In this podcast, we are introduced to the second tier of Satan’s leaders. They are Moloch, Belial, and Mammon.
These chief devils symbolize the primary temptations Satan uses against man. In this Podcast we shall analyze each one.
The first is Moloch, the God of war. He symbolizes wrath, rage, hate, anger, fury, ferocity, and fanaticism. He is for absolute victory or personal annihilation. He is ruled by passion and personal pride and will not compromise. He is a destroyer. These are all attributes of Satan himself.
First, Moloch, horrid king, besmeared with blood
Of human sacrifice, and parents’ tears;
Though, for the noise of drums and timbrels loud,
Their children’s cries unheard that passed through fire
To his grim idol.
The second is Belial. Belial represents subterfuge, lies, deception, machinations, conspiracies, sloth, laziness, idleness, indolence, inertia, inactivity, negligence, ease, complacency, indifference, lewdness, vice, grossness, insolence, lust. drunkenness, and violence.
Belial came last; than whom a Spirit more lewd
Fell not from Heaven, or more gross to love
Vice for itself. To him no temple stood
Or altar smoked; yet who more oft than he
In temples and at altars, when the priest
Turns atheist, as did Eli’s sons, who filled
With lust and violence the house of God?
In courts and palaces he also reigns,
And in luxurious cities, where the noise
Of riot ascends above their loftiest towers,
And injury and outrage; and, when night
Darkens the streets, then wander forth the sons
Of Belial, flown with insolence and wine.

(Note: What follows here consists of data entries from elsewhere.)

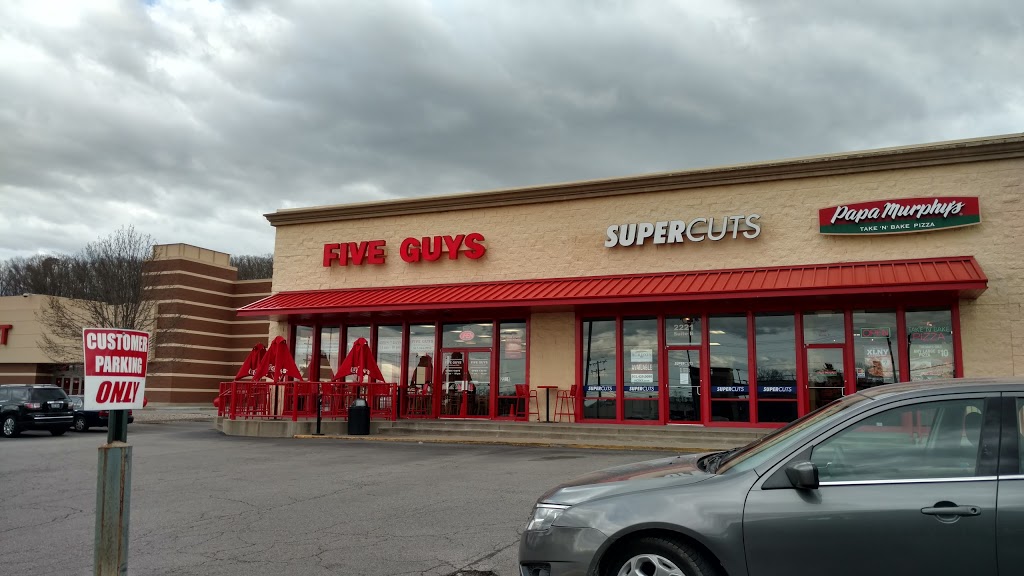 Five Guys | 2221 State St, New Albany, IN 47150, USA | Phone: (812) 944-9958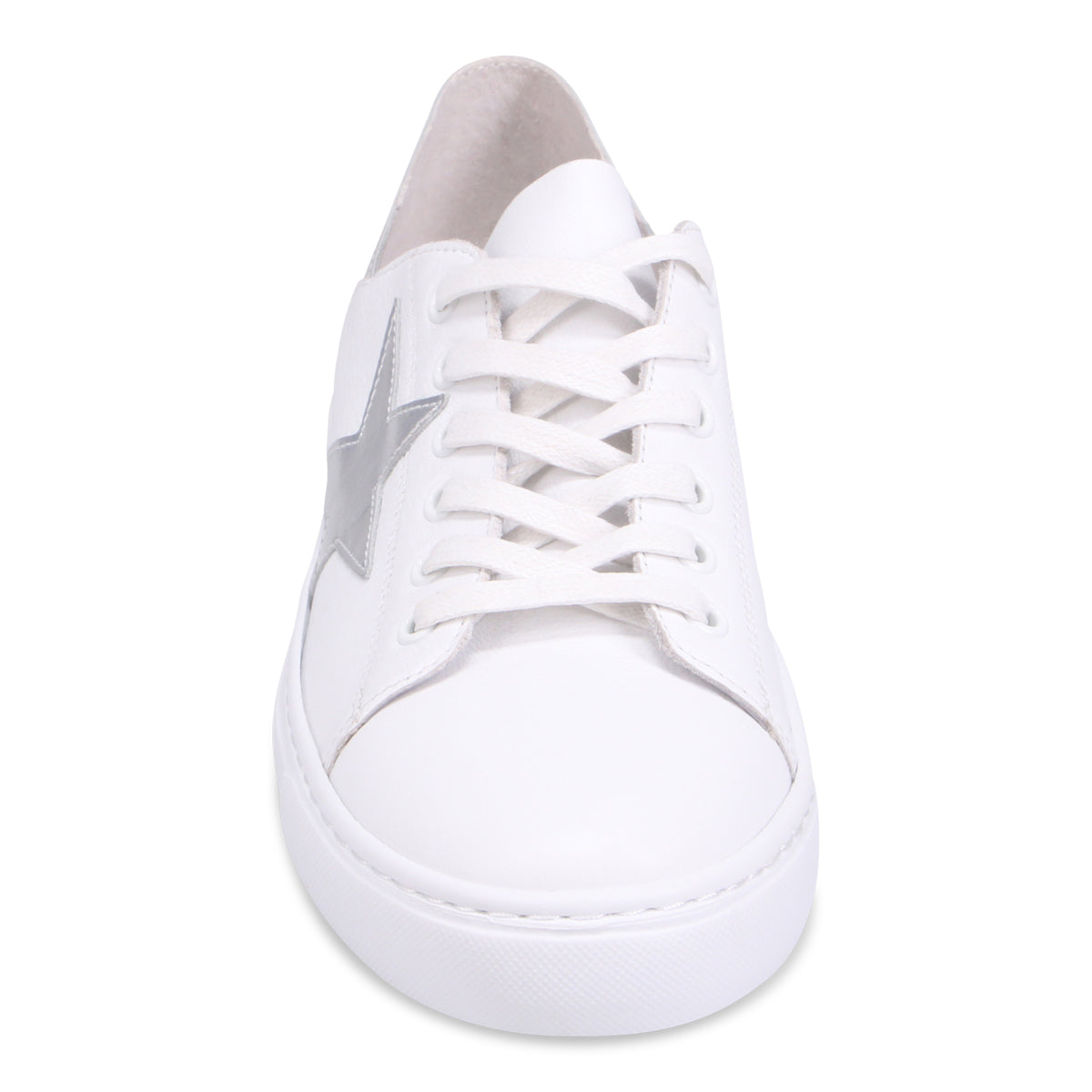 WHITE SILVER | Front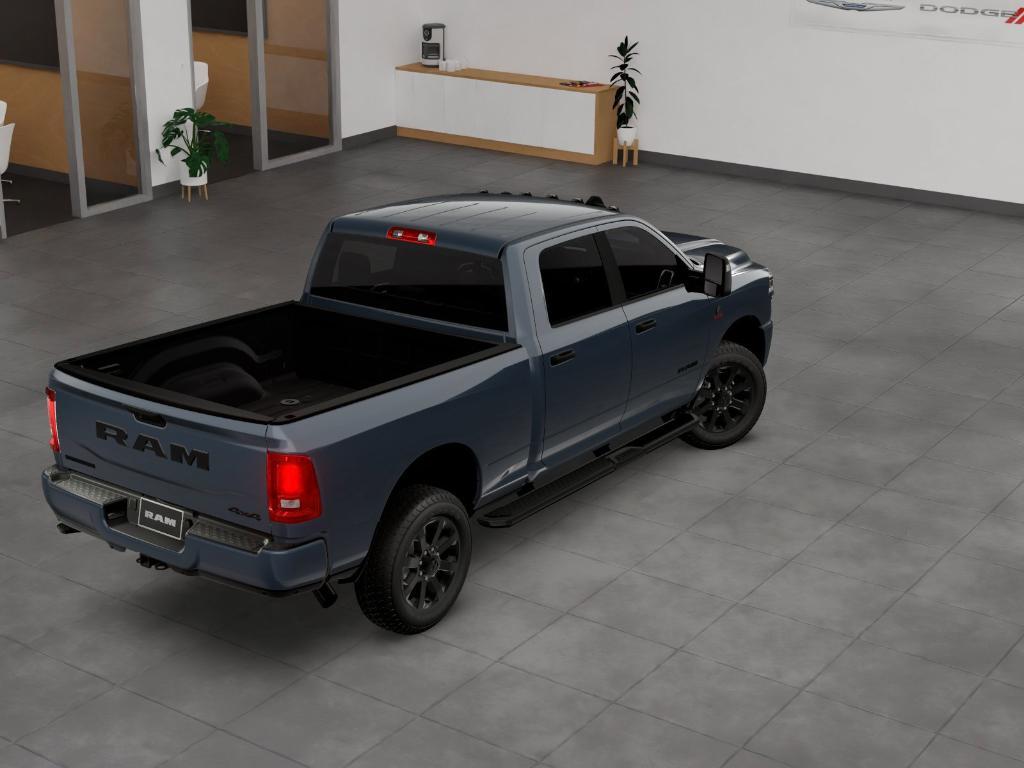 new 2026 Ram 2500 car, priced at $73,691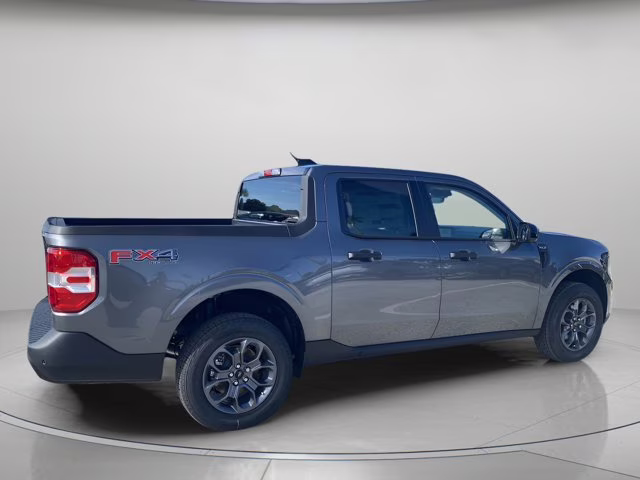 2026 Carbonized Gray Metallic Ford Maverick XLT AWD Truck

Witness the streets of Sodom, and that night
In Gibeah, when the hospitable door
Exposed a matron, to avoid worse rape.
Though perhaps less in power, equal in fame was Mammon, the god of wealth, who even in hell, built a kingdom of gold, imitating heaven. Mammon is content to remain in hell surrounded by tormented luxury and “precious bane.”
Mammon led them on—
Mammon, the least erected Spirit that fell
From Heaven; for even in Heaven his looks and thoughts
Were always downward bent, admiring more
The riches of heaven’s pavement, trodden gold,
Than aught divine or holy else enjoyed
In vision beatific. By him first
Men also, and by his suggestion taught,
Ransacked the centre, and with impious hands
Rifled the bowels of their mother Earth
For treasures better hid. Soon had his crew
Opened into the hill a spacious wound,
And digged out ribs of gold. Let none admire
That riches grow in Hell; that soil may best
Deserve the precious bane.
As we move to Book II, Satan calls a council in hell which counterfeits the grand council held in heaven in which Satan rebelled against God, for Satan is determined to continue his fight with God. Milton describes Satan, during Satan’s private meditations, as he appeared to the myriad of evil spirits who fell with him.
They wait in silence as they “observed their dread commander.” Satan addresses the vast multitude of suffering spirits.